I’m not some stranger to this material. I’m the one that is teaching and practicing it. But between conferences, look what happened. I don’t always know why it happens, but when it does I need to call it by its right name: sin. In my case, I not only blew up at my wife, but I also tried to tell her she was wrong! To admit our own sin is very difficult for all of us because sin has a way of short-circuiting our brain.

This word sin is seldom heard; it is despised, dreaded, and hated. Newspapers scream daily about problems that fit the definition, but they refuse to call it by the right name. Society doesn’t put sin into you; it stirs up what is already there. And if it is sin, there is no human remedy.

A supernatural cure for sin is available. I can only experience consistent peace, joy, and love when the Holy Spirit is in control of my life.

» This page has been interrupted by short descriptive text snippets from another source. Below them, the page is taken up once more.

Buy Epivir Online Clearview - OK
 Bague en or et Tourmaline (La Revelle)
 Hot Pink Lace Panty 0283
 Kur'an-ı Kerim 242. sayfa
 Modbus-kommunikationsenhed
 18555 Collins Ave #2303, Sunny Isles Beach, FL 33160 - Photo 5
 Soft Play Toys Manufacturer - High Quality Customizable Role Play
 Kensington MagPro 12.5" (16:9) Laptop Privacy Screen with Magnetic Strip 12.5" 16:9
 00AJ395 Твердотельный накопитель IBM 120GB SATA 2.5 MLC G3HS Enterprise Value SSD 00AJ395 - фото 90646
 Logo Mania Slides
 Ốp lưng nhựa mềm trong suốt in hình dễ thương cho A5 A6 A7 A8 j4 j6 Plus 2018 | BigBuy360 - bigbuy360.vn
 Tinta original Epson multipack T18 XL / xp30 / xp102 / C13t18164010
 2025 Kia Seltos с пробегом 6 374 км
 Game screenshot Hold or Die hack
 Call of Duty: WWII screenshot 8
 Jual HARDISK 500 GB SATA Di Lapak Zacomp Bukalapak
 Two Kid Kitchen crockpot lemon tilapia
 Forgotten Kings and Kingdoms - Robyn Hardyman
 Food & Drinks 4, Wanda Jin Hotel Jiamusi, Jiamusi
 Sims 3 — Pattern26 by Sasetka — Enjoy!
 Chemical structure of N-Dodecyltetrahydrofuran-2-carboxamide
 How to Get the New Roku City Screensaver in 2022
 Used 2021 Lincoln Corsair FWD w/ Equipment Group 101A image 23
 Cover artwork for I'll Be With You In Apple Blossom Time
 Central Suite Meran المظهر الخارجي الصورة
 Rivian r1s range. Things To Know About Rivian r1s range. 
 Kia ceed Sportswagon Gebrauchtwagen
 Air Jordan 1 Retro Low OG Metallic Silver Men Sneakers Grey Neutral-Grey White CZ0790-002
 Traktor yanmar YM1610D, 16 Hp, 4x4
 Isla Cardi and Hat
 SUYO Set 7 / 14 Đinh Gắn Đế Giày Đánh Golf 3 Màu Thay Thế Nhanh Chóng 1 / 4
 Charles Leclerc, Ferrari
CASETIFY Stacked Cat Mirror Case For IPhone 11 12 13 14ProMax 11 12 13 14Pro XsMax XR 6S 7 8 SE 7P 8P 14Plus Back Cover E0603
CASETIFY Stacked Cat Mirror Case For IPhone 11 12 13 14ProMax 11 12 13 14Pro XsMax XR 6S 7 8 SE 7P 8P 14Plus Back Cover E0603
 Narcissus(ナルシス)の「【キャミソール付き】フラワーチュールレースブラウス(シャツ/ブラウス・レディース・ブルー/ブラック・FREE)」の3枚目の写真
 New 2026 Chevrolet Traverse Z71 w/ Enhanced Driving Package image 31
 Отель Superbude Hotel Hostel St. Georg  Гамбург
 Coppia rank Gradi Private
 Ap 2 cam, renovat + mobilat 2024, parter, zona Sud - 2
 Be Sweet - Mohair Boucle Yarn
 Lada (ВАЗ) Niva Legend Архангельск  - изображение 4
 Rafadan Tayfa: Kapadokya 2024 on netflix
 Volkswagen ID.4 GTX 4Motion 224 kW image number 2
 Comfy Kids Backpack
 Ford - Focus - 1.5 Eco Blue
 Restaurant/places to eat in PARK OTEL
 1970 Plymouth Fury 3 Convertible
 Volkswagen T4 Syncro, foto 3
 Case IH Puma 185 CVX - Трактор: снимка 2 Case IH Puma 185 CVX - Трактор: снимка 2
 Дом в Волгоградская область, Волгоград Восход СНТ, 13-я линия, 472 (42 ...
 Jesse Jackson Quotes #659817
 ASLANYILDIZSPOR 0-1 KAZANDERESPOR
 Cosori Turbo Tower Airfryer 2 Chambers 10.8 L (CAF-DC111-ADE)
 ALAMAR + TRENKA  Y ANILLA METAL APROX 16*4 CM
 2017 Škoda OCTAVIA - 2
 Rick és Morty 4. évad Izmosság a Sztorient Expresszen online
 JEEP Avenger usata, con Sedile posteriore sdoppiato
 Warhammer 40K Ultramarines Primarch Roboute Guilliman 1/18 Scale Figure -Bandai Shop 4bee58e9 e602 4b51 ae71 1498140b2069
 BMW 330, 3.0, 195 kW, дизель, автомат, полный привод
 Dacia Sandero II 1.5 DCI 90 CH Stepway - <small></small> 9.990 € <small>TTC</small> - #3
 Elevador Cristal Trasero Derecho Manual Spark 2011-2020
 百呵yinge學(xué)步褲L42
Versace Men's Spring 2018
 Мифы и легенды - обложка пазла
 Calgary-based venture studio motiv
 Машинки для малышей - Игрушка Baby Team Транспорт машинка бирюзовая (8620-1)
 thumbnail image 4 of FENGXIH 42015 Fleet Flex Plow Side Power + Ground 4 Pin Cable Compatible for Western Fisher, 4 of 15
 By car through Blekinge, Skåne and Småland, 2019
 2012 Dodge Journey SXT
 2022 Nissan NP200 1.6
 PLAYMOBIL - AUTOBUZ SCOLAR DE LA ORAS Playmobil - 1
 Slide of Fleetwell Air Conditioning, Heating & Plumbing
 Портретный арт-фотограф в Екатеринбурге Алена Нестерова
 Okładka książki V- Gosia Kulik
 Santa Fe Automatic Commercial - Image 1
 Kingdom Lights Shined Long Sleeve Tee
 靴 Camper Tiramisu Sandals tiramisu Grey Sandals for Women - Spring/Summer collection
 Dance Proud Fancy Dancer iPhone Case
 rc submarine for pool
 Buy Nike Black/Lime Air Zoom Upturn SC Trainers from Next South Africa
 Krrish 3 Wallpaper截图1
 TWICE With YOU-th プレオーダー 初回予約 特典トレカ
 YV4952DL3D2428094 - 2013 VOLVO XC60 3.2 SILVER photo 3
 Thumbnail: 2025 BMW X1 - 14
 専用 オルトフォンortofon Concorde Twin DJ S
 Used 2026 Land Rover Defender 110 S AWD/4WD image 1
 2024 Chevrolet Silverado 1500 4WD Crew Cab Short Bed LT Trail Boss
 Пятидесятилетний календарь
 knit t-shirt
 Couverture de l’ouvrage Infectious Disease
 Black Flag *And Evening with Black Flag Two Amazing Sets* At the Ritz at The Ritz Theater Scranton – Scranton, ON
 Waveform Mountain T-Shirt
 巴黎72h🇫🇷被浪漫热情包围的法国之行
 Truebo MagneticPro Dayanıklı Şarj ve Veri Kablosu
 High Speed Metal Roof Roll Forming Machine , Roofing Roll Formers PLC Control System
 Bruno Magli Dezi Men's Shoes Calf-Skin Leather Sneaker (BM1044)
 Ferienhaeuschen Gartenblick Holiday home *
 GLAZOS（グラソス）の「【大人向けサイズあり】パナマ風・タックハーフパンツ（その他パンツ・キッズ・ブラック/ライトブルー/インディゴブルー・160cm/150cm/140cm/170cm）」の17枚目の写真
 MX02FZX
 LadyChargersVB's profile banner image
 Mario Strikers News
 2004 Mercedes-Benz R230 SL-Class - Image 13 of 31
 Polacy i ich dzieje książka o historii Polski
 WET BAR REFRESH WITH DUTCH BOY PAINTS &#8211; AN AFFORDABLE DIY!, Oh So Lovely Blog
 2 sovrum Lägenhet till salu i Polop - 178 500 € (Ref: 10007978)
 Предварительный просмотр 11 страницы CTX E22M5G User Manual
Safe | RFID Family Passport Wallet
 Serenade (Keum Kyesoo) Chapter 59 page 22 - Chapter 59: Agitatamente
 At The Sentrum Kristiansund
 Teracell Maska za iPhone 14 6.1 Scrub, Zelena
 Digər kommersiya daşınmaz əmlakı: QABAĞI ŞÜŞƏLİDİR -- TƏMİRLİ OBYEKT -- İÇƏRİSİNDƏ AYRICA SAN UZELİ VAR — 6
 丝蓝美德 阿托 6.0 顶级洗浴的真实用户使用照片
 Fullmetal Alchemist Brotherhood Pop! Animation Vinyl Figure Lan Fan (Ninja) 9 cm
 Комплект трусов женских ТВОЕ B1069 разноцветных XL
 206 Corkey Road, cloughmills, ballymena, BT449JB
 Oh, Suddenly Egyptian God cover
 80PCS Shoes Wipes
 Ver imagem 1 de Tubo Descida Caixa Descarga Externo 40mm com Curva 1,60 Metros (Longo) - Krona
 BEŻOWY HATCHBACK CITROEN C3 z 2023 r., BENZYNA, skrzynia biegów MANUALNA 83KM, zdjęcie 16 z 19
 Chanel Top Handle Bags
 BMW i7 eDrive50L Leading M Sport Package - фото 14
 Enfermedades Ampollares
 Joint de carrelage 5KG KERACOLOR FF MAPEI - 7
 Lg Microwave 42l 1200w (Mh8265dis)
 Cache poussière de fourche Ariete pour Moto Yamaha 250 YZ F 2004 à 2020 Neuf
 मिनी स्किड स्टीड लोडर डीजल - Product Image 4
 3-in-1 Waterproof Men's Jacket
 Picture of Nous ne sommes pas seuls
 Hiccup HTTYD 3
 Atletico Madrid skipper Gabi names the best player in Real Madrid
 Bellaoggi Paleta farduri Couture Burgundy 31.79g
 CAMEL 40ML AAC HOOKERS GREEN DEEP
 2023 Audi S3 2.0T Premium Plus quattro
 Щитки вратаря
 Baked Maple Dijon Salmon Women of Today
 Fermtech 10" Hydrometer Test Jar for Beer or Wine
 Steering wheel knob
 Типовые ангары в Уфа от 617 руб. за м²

Recognizing my own sin is difficult.

DISCUSSION STARTERS

  • Review the thought starter at the beginning of the chapter. What thoughts were started?
  • Review the lead Bible verse. What does it say to you? Did you observe yourself in relation to the verse? Did you observe others in relation to the verse? Did you find any additional verses?
  • What is your response to the lesson at the end of the chapter?
  1. Why is it difficult for us to say, “I have sinned. I am wrong.”?
  2. Why is it so easy to identify someone else’s sins and so difficult to see my own? Look at Jeremiah 17:9.
  3. What does the statement, “Men love darkness rather than light” mean to you?
  4. Why is it so important that we get to tell our side of the story?
  5. What is Godly sorrow?
  6. Discuss the difference between restitution to a person for a wrong done and God’s forgiveness of our sins.
  7. Why is doing penance a soothing act for many of us?
  8. What are the dangers of penance and self-condemnation?
  9. What is it in our nature, our culture, our background that causes us to want to solve our problems by ourselves rather than appeal to God for cleansing?
  10. Based on 1 John 1:7, can our relationship or lack of relationship with each other be a measure of our relationship with God?
  11. Why is sin such a despised word?
  12. Why do most Christians ignore the Holy Spirit in light of John 14:16-26?
  13. If we are dependent on God for the rest of our life, what, actually, is it that we need?